_EXERCISE_. Begin at the line below that has "TY ORIGINAL 9" and stop after the line that has "vidaXL Sängram grå massiv furu 90x200 cm grå". Please restate only those lines, word for word.

_EXCERPTED RECORDS_.
───

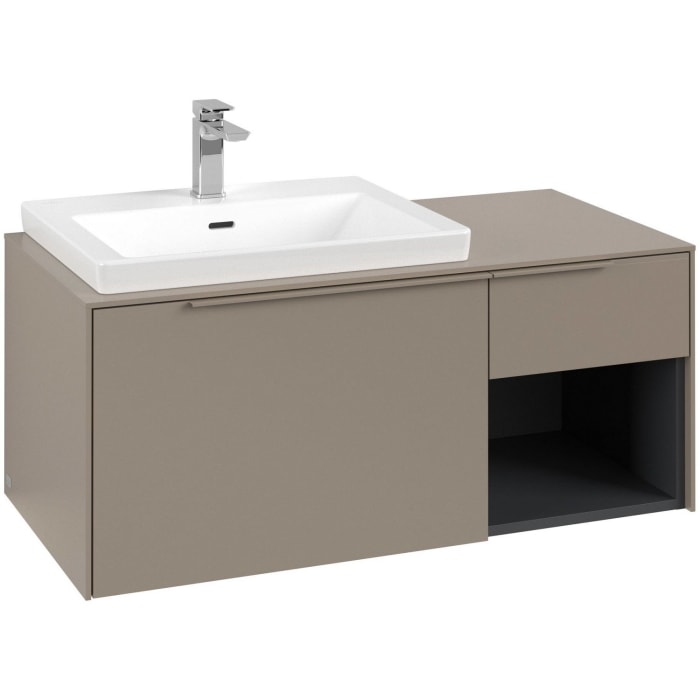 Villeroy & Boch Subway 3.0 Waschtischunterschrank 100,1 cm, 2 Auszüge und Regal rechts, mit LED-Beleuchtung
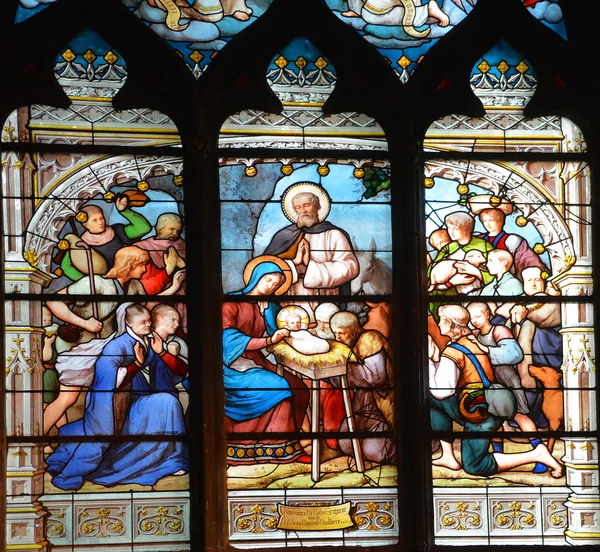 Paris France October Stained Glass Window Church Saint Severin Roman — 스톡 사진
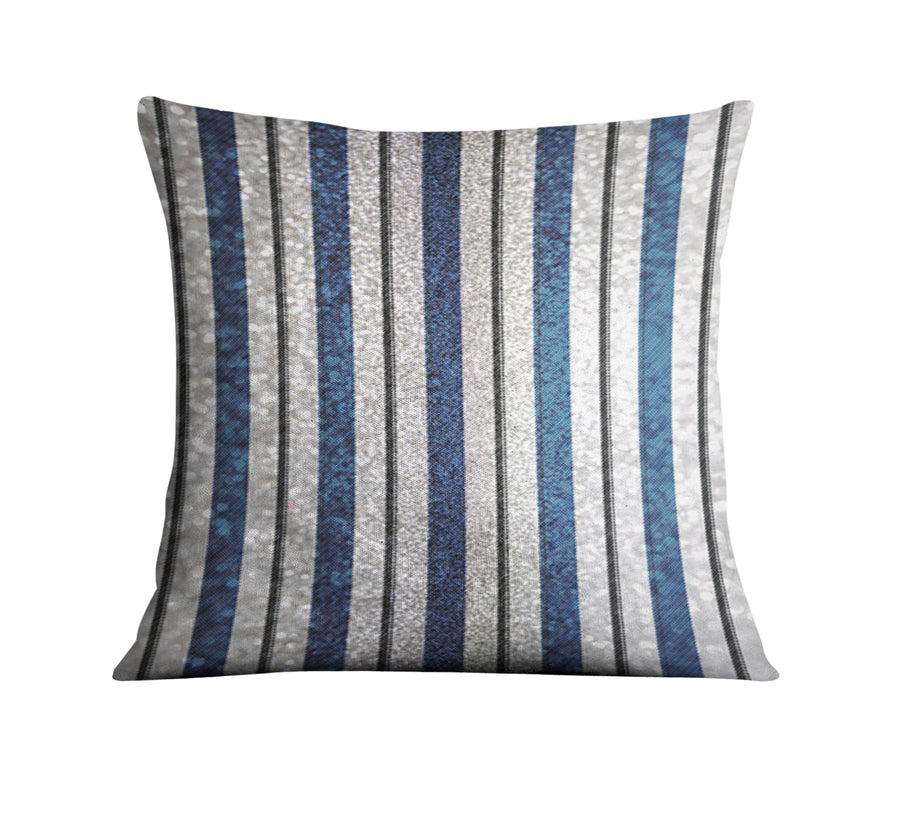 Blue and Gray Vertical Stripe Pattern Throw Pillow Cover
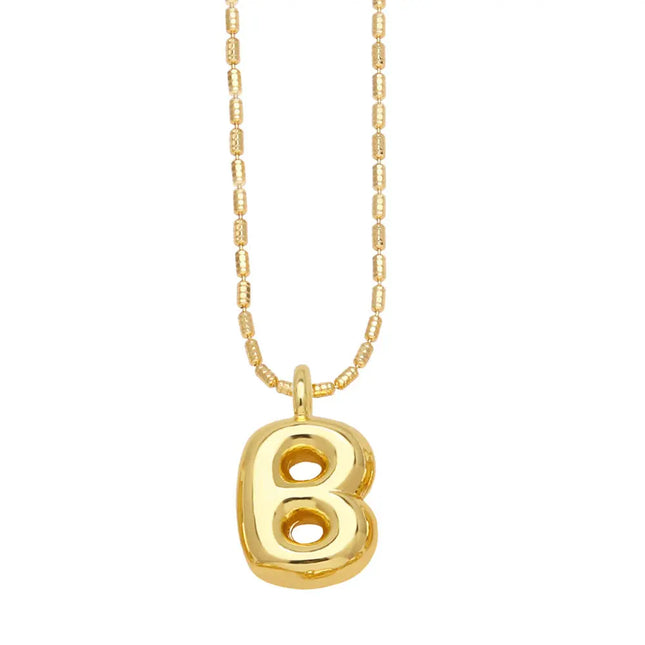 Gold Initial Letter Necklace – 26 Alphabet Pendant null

───

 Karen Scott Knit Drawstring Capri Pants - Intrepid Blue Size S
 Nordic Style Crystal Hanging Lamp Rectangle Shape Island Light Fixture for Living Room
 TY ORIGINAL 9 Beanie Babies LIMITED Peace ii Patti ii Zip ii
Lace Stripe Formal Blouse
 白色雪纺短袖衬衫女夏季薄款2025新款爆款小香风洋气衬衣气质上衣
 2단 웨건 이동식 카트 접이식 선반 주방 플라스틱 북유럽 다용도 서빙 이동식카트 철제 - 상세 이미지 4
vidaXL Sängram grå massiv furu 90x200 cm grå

───

_EXERCISE OUTPUT_.
 TY ORIGINAL 9 Beanie Babies LIMITED Peace ii Patti ii Zip ii
Lace Stripe Formal Blouse
 白色雪纺短袖衬衫女夏季薄款2025新款爆款小香风洋气衬衣气质上衣
 2단 웨건 이동식 카트 접이식 선반 주방 플라스틱 북유럽 다용도 서빙 이동식카트 철제 - 상세 이미지 4
vidaXL Sängram grå massiv furu 90x200 cm grå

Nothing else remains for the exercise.